NAME

InterMine::Cookbook::Recipe6 - Advanced Results Management

SYNOPSIS

# Get a list of Blast Matches, either 500 of them,
# or ones with E-values over 8.0, whichever is the larger set

use InterMine ('www.flymine.org');

my $query = InterMine->new_query;

# Specifying a name and a description is purely optional
$query->name('Tutorial 6 Query');

my ($subj, $obj, $evalue) = (qw/
    BlastMatch.subject.primaryIdentifier
    BlastMatch.object.primaryIdentifier
    BlastMatch.EValue
/);

$query->add_view($subj, $obj, $evalue);

$query->sort_order($evalue => 'desc');

my $ri = $query->results_iterator;

# We need to check for errors here ourselves
die $ri->status_line unless $ri->is_success;

my @goodmatches;
while (my $row = $ri->hashref) {
    if($row->{$evalue} >= 8 or @rows < 500) {
        push @goodmatches, [@{$row}{$subj, $obj}];
    }
}

$ri->close; # good hygiene, as the iterator represents an open connection

DESCRIPTION

There are some limitations on the results you get back that are difficult to write as constraints, and can be more easily processed on the client side. The above example shows one of them - if we constrainted the e-value to be greater than 8, we might not get back 500 results, and if we specified 500 results as the result size, we might not get all the good matches.

But making sure we get all e-values over 8, or at least 500 results, is simple on the client side, and by using iteration you can apply filters of this sort to the stream of results, without having to keep all the results rows in memory or on file (you can simple throw away, or never even look at, results you don't want to keep). The example above is fairly simple, but you can perform any arbitrary logic on the result row to decide what you want to do with it.

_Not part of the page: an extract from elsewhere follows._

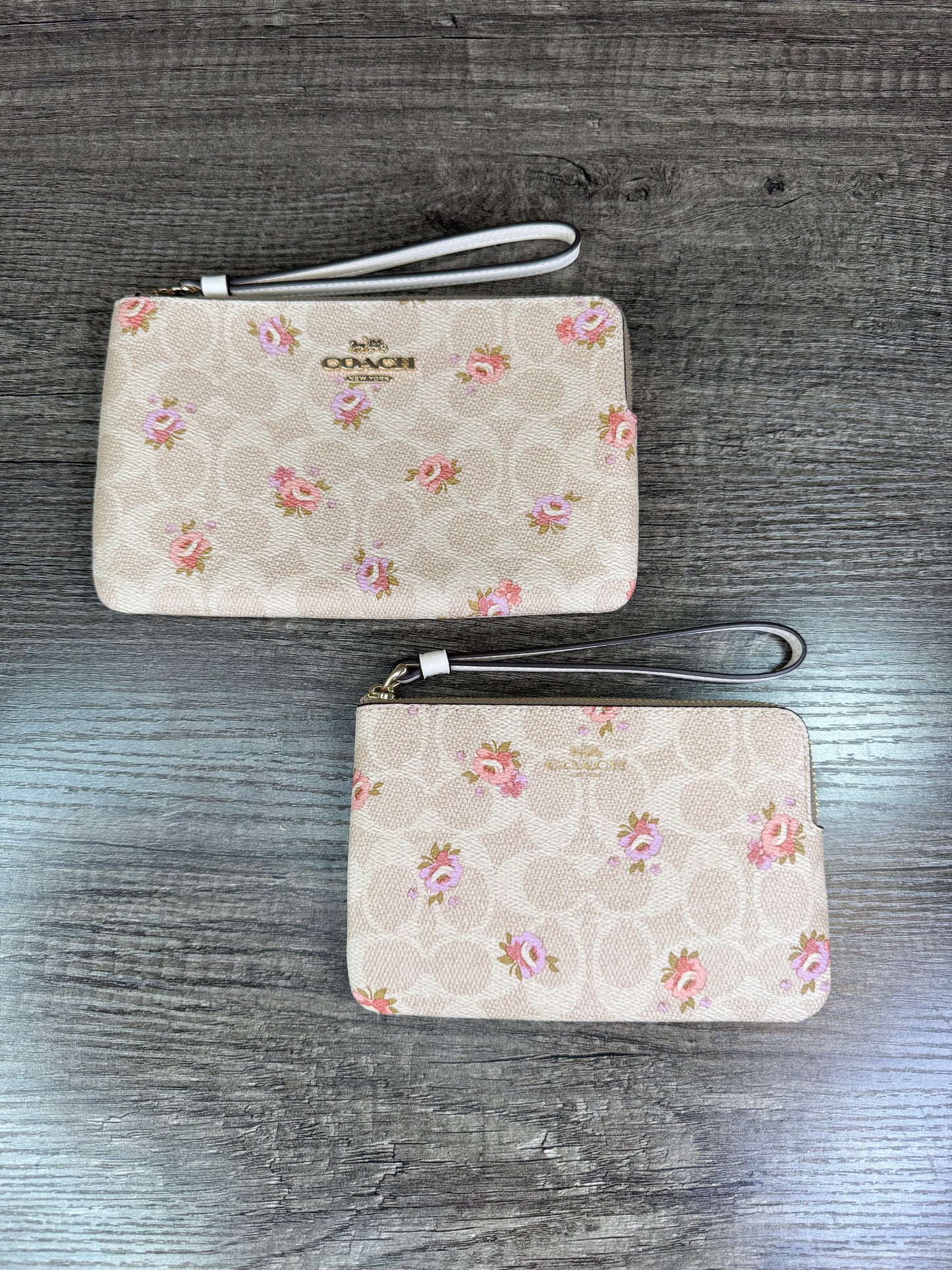 Muñequera Coach flores beige/blanco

For example, instead of just throwing away the bad matches, you could divide up the results into different result sets:

while (my $row = $ri->hashref) {
    if ($row->{$evalue} >= 8) {
        push @good_matches, $row;
    }
    elsif ($row->{$evalue} >= 5) {
        push @dubious_matches, $row;
    else {
        push @bad_matches, $row;
    }
}

or perform calculations on the data:

my ($sum, $total);
while (my $row = $ri->hashref) {
    $sum += $row->{$evalue};
    $total++;
}
my $average_evalue = $sum / $total;

obviously the possibilities depend on what you want the data for. Just like the results method, the ResultIterator object can return rows in one of three formats: string, arrayref and hashref.

There is no default - you must call one of these methods for each row you want back (you could even call different methods for different rows).

Whereas to unpack the results returned by the results operator we used the for operator, here we want to use the while operator with assignment in the brackets:

while (my $row = $ri->$method) {
    # do something with the row...
}

If you use InterMine queries a lot, you may find yourself doing the same thing over and over in your code - this may be a sign that you can refactor out some of that repetition, instead of copy and pasting it between scripts. In the next recipe we examine ways to extend InterMine to make it do what you want it to do.

CONCLUSION

As well as using the results method, you can get back the ResultsIterator directly to have fine-grained control over the results you get back, and what you want to do with them.